Sejauh ini, India adalah satu-satunya negara yang menangani influencer virtual dalam standar periklanan nasional, yang mengharuskan merek “mengungkapkan kepada konsumen bahwa mereka tidak berinteraksi dengan manusia nyata” ketika memposting konten bersponsor.

Pedoman etika

Ada kebutuhan mendesak akan pedoman etika, baik untuk membantu produsen dan mitra merek mereka menavigasi medan baru ini, dan yang lebih penting untuk membantu pengguna memahami konten yang mereka gunakan.

Meta telah memperingatkan bahwa “media sintetis memiliki potensi baik dan buruk,” daftar “representasi dan perampasan budaya” sebagai isu-isu khusus yang menjadi perhatian.

Memang, meskipun umurnya pendek, influencer virtual sudah memiliki sejarah rasialisasi dan representasi yang salah, menimbulkan pertanyaan etis bagi produsen yang menciptakan karakter digital dengan karakteristik demografis yang berbeda dari karakter mereka sendiri.

Tetapi masih belum jelas apakah pedoman yang diusulkan Meta akan menjawab pertanyaan-pertanyaan ini secara memadai.

Becky Owen, kepala inovasi dan solusi pencipta di Meta Creative Shop, mengatakan kerangka kerja etis yang direncanakan “akan membantu mitra merek kami dan pencipta VI mengeksplorasi apa yang mungkin, mungkin dan diinginkan, dan apa yang tidak.”

'Influencer virtual' dan Menetapkan Aturan Dasar Etika META?

Penekanan yang tampak pada kemungkinan teknologi dan keinginan mitra merek ini mengarah pada kesan yang tak terhindarkan bahwa Meta sekali lagi menggabungkan potensi komersial dengan praktik etis.

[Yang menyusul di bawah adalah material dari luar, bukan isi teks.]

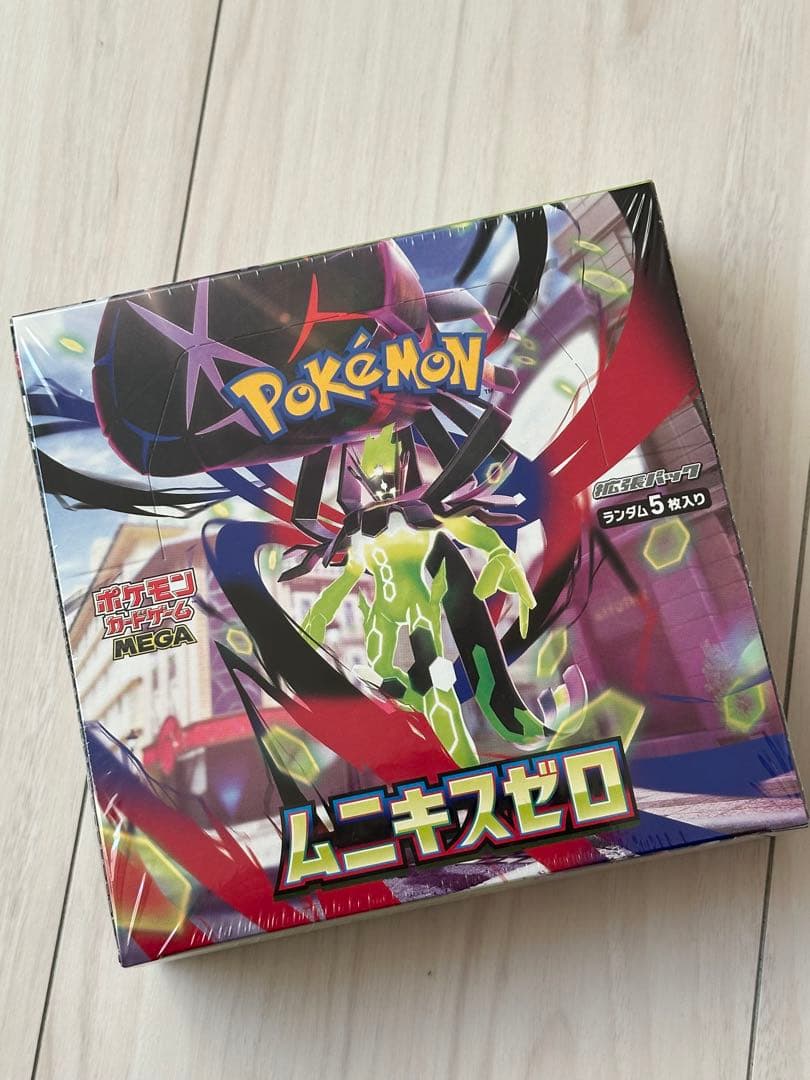 【シュリンク付】ポケモンカード　ムニキスゼロ　１BOX　未開封品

Menurut hitungannya sendiri, platform Meta telah menampung lebih dari 200 influencer virtual. Tetapi influencer virtual juga ada di tempat lain: mereka melakukan tantangan viral dance di TikTok, mengunggah vlog ke YouTube, dan memposting pembaruan kehidupan di Sina Weibo. Mereka muncul “offline” di mal di Beijing dan Singapura, di papan iklan 3D di Tokyo, dan membintangi iklan televisi.